▶ **Problem details**
The required output is the exact run of lines below that opens at the line with "Dimensioned drawing: 4-inch" and closes at the line with "Patagonia 73 Skyline".

▶ **Source information**
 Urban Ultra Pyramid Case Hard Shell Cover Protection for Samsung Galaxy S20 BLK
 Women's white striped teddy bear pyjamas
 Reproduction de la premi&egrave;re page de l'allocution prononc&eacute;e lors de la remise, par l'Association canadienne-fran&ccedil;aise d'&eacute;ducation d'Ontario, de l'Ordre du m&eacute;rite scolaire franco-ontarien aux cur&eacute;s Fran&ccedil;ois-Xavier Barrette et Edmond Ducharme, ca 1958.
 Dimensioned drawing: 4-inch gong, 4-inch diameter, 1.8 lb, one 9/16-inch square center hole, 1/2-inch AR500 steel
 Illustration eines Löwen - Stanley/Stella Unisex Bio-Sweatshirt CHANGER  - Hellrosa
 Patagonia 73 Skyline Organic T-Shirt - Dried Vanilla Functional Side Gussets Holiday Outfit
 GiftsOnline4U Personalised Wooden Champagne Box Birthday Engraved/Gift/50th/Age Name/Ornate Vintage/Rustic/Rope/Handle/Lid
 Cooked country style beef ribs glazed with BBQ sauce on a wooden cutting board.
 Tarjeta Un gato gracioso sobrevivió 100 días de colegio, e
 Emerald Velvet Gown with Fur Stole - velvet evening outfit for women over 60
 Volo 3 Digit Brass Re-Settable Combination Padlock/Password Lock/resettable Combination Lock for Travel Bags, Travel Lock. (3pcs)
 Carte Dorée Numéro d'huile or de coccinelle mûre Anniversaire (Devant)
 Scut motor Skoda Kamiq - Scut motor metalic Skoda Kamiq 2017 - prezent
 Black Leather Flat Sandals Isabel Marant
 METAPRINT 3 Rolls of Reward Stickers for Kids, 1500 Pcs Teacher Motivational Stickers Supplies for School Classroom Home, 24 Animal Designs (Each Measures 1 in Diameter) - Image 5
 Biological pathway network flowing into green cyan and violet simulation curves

▶ **Problem solution**
 Dimensioned drawing: 4-inch gong, 4-inch diameter, 1.8 lb, one 9/16-inch square center hole, 1/2-inch AR500 steel
 Illustration eines Löwen - Stanley/Stella Unisex Bio-Sweatshirt CHANGER  - Hellrosa
 Patagonia 73 Skyline Organic T-Shirt - Dried Vanilla Functional Side Gussets Holiday Outfit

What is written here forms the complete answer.